Can Behavioral Medicine Be Brought into Standard Practice?
A recent study by Johns Hopkins researchers found that phone counseling sessions before and after surgical intervention greatly improved patients' propensity to stick to exercises and rehabilitation after surgery. For practitioners, the most significant hurdle may be finding a realistic way to implement behavioral medicine—Health Behavior Change Counseling (HBCC) and Motivational Interviewing (MI)—into the spinal surgical setting.
Richard Skolasky Jr., ScD, lead author of the study and an associate professor of orthopedic surgery at the Johns Hopkins University School of Medicine, in Baltimore, mentioned that he and his team were working on developing a program to incorporate HBCC into their standard care, but experts agree the methodology largely is being underutilized.
"I think in the clinical setting it's very rare. I don't think this is filtered into clinical practice yet," said Steven H. Richeimer, MD, an associate professor of anesthesiology and psychiatry at the University of Southern California. "I think the idea of having motivational counselors and using motivational interview technique is great and should be more widespread. It's just a little hard to figure out how to get the medical community to embrace it and start bringing it in and setting it up."
Indeed, the logistics could be taxing. Degenerative spinal disorders are the leading musculoskeletal cause of disability,3,4 representing one of the widest patient groups in the nation, and it's predicted to grow even more. Spinal stenosis, the most common reason for spinal surgical intervention, could affect more than 60 million Americans by 2025.
Face to Face Counseling
To Dr. Richeimer, phone sessions can make a big difference, but face-to-face interaction with a counselor prior to surgery would form a stronger relationship with the patient. This would make phone calls following the surgery even more effective, where the patient already would have a rapport with the counselor.
Of course, doctors may have to confront their own bad habits, as well. Facilitating edifying dialogues with patients isn't always easy, after all.
"My colleagues that are in behavioral medicine, they tell me the only thing harder than changing the behavior of patients is changing the behavior of doctors."
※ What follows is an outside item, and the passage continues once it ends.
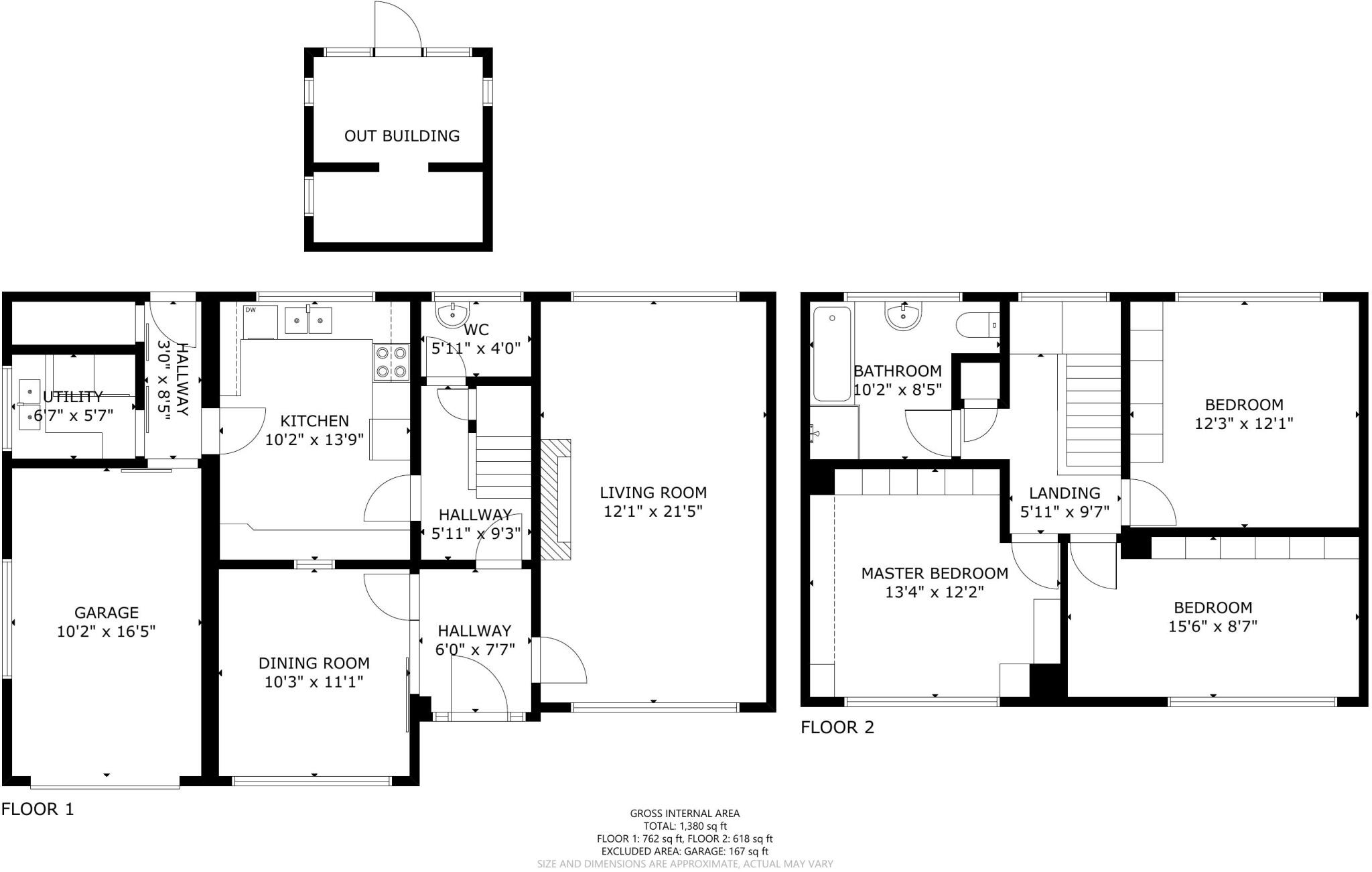 Hillcrest, Lorton Road, Cockermouth, Cumbria floorplan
Also, as further research is published, new tools are developed, like interactive behavior change technologies (IBCTs), which utilize internet applications, CD-ROMs, and voice-response telephone calls to educate patients.5 There seem to be an ever increasing number of tools practitioners can incorporate into their practice.
Nothing trumps the bonds formed from human interaction, though, said Dr. Richeimer. So while these tools can work well as supplements, the focus should always be on making a connection with patients and helping them to make the best effort towards a full recovery.
Mainly, the patient has to be convinced that people are paying attention – the doctor is paying attention, the physical therapist is paying attention – nobody's out there to torture them. We are out there to get them stronger, to get them rehabilitated. We'll work with the physical therapist to adjust as needed and, within reason, we'll adjust their medicines to try to manage their pain."